Original listing text, shown exactly as published by the company.
What You Will Do
- Design, build, and release AI products/features that solve real user problems
- Design and implement streaming/batch data pipelines to support training and inference
- Write production-ready code and move it to production with the help of cloud services and CI/CD techniques
- Continuously monitor and improve the quality and performance of the systems
- Learn by doing — while owning real problems and demonstrating end-to-end ownership throughout the system
- Build resilient, performant pipelines and services in production
- Own system architecture, performance, observability, and scalability
- Collaborate across teams to turn ideas into impactful products
- Mentor engineers and help set technical direction
What You Will Need
- if you feel like you are one of the below;
Senior Data Scientist (NLP, Search, Recommendation)
- Designed and deployed search, ranking, or recommendation systems
- Improved core product discovery metrics (e.g. CTR, conversion, etc.) through AI/ML systems
- Worked with state-of-the-art NLP and Information Retrieval techniques such as transformers, embedding models, vector search, LLMs, RAG, agents, etc.

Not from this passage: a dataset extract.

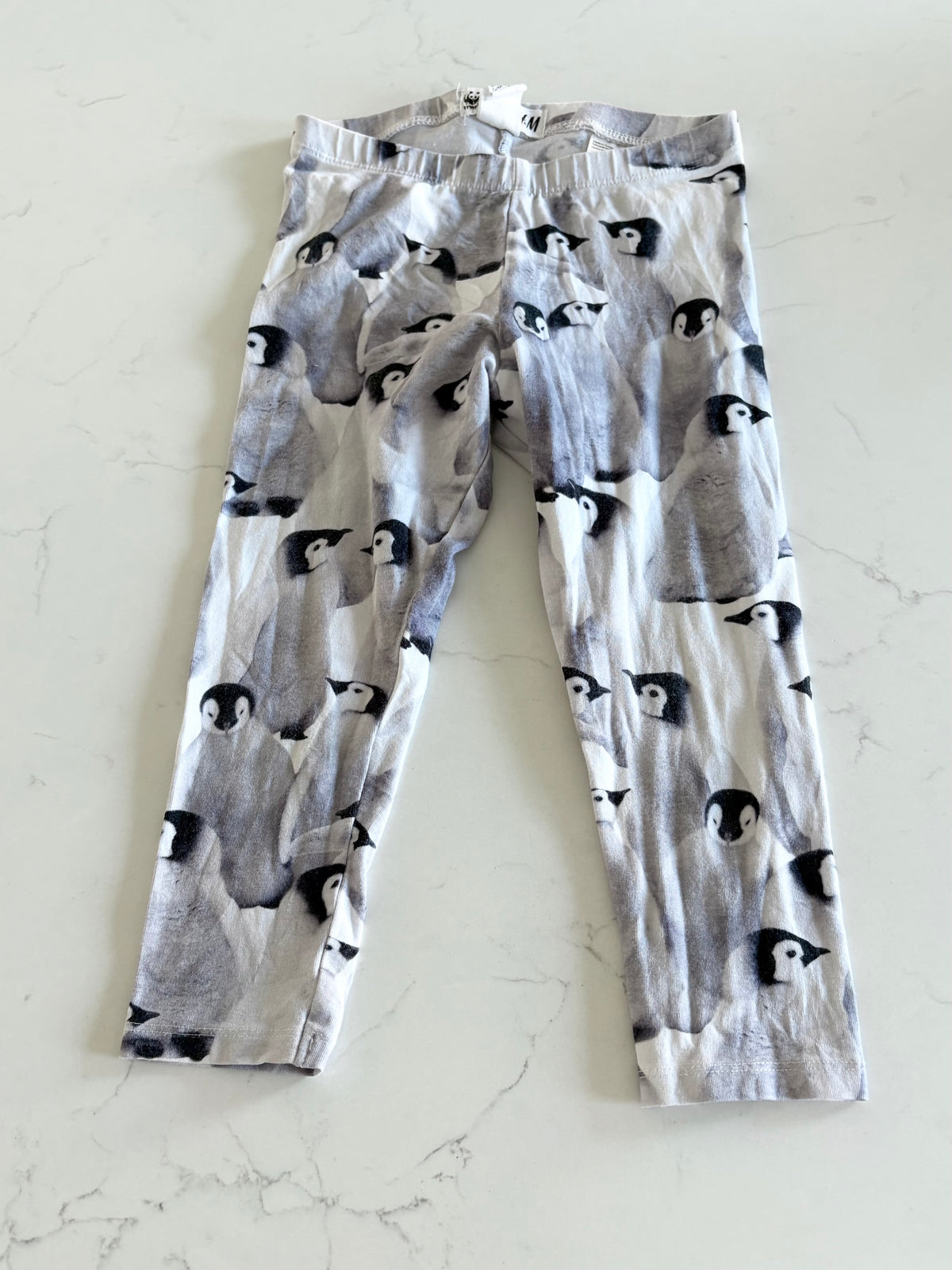 H&M-Legging-2/3T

- A/B tested the impact you have provided and took actions to make it better
Senior Data Engineer
- Built high-throughput real-time or batch ETL pipelines (Spark, Kafka, etc.) supporting ML training/inference
- Managed data orchestration with Airflow or similar frameworks
- Built and scaled feature stores, data lakes, or analytical platforms
- Focused on data quality, wrangling, lineage, and monitoring
- Hands-on with AWS/GCP, Docker/Kubernetes, or MLOps pipelines
Senior Software Engineer
- Have strong experience with software architecture and domain-driven design to convert business ideas into working software products
- Designed and implemented robust backend systems for high loads using Java, Python, Go, or similar languages
- Worked on APIs, microservices, or messaging queue systems to serve high loads smoothly
- Integrated observability, security, and CI/CD pipelines into the systems
- Optimized data indexing, inference speed, API latency, or deployment workflows
- Hands-on experience in container systems, cloud services, infrastructure-as-code, and incident-free release of software services (Docker, Kubernetes, AWS, Terraform, feature toggles, blue-green deployment, etc.